How web series are becoming a trend on the internet with Utsaha Itihasam and Youthappam hitting the spot.

By :  Meera Manu
Update: 2017-06-01 18:30 GMT
Still from Youthappam

Into the monopolised market of prime time potboilers and big screen technicolour sagas, web series is taking its baby steps in Malayalam. The videos in episodic format, much like television serials in format though in existence since the mid 1990s, the hour has finally come for the Malayali audience on the internet. Clearly, tech-savvy youth who believe in a future in internet television are driving the trend. Krishand, Malayali short film maker based in Bengaluru, was wondering what to do with the storyline in his hand, which he neither wanted to do as a full length film nor a short film. His choice?A web series.

“I had a set of tiny stories, more of a relaxed format. I found this medium suitable. As a short film maker, I was able to find a market and knew the prospects of making money out of it. I have not actually thought about the money mechanism for web series so far. I have had talks with Hotstar. The idea of doing it as a sponsored programme in television is under consideration,” he says.
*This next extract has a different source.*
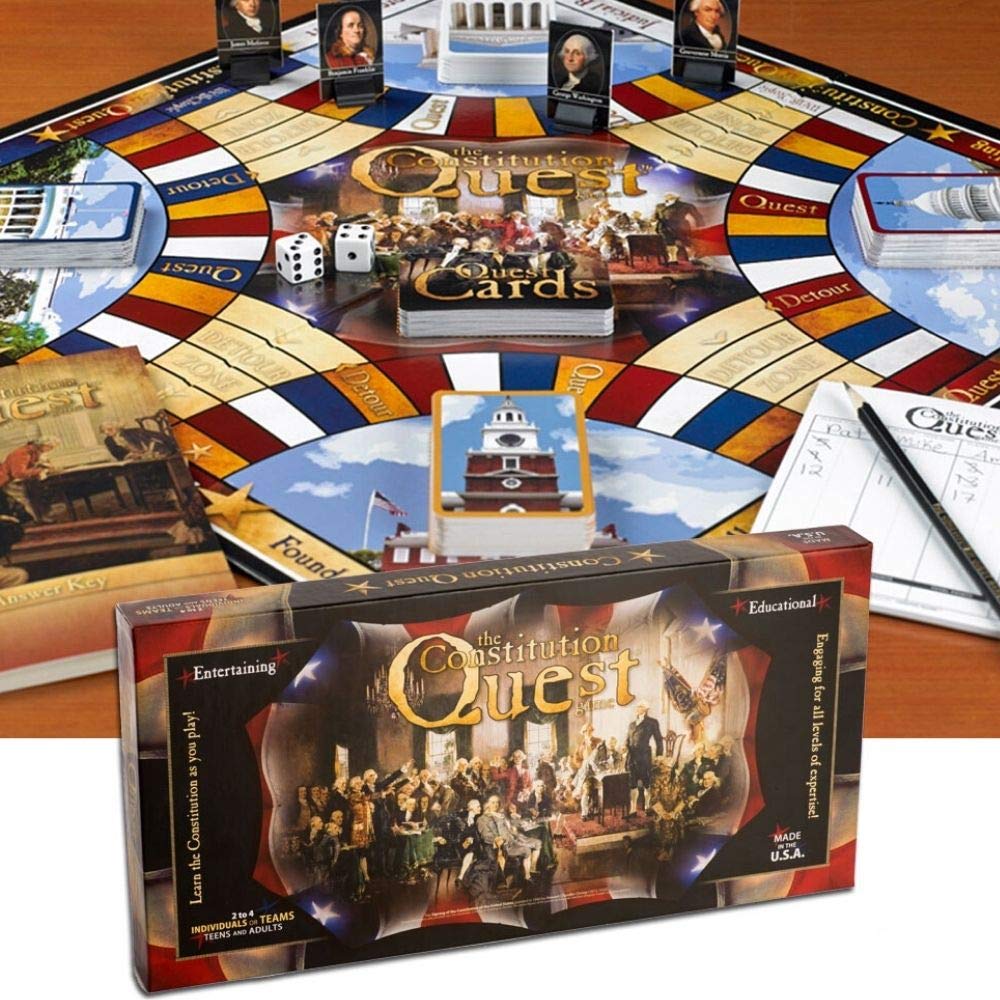 Cognitive Square Constitution Quest Board Game - Educational US History & Civics Trivia Game for Kids & Adults, 2-4 Players, Ages 10+
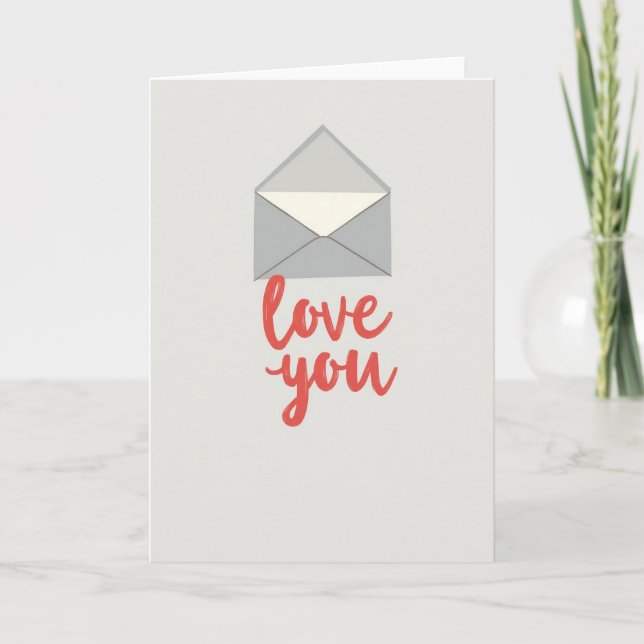 Coral Romantic Love You Card (Front)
An accomplished short film maker, Krishand's Bhagavathykaavile Paapikal (Sinners at the goddess abode) was taken to the Cannes Short Film Corner 2016. Utsaha Ithihasam (The Saga of the Spirited) deals with a brief period in the life of two youngsters.     

Still from Utsaha Ithihasam

Quiz about the plus points of a web series, Krishand says it is the freedom to express his ideas. “It deals with some dark content and humour with no violence. Real stories are a bit fictionalised to go down well with the audience when there are traces of existential nihilism and existentialism in subtext,” says he. Utsaha Ithihasam is already into two episodes and its teaser released on the internet. For the rest of the part, with four more episodes, he anticipates sponsors. Interestingly, when Malayalam starts getting web series, the creators are centered outside Kerala for its making. When he was done with the mundane theatre formats in Mumbai, actor and theatre person Niranj Menon decided to give web series a try. In two weeks, his experiment Youthappam will hit the web.

“Doesn’t the name make you curious?” asks Niranj. “Once I got tired with the less inventive theatre scene, I started directing my own productions. That was when a friend of mine suggested the idea of doing a web series and soon I was into it. In Youthappam the participants are theatre people. The people in Mumbai are involved a lot in it. Most of them are getting into a newer canvas with this,” he says. The quirky name is one element he tries to cash in on. All of it was done on a shoestring budget, which he explains. “My friend’s home and shop are the sets. The camera, lights are all his. All others being working people except me, shooting takes place mostly during weekends,” he says. The banal life of three friends —two boys and a girl forms the crux.

Still from Not Fit

When the name web series was too alien even in the big cities, actor Sudev Nair called the shots for Not Fit in 2016, labelled as India’s very first mockumentary web series. The language was not Malayalam though –the Hindi/English series had won four awards at the Rome Web Awards, an Italian competition on web series and shorts. “Web series was beginning to boom when Not Fit was made. Youth are more into internet and YouTube these days than television. Viewers can watch it any time. There is also space for binge watching as a group,” he points out. As a maker he feels, “It offered me the freedom to try an unconventional format and kind of humour mainstream media can’t provide. Initially, I had to shell out money on my own. Sponsors approached only after two episodes. Its spontaneous, we get to know the matrix immediately,” he adds.Very soon, Not Fit season II can be expected.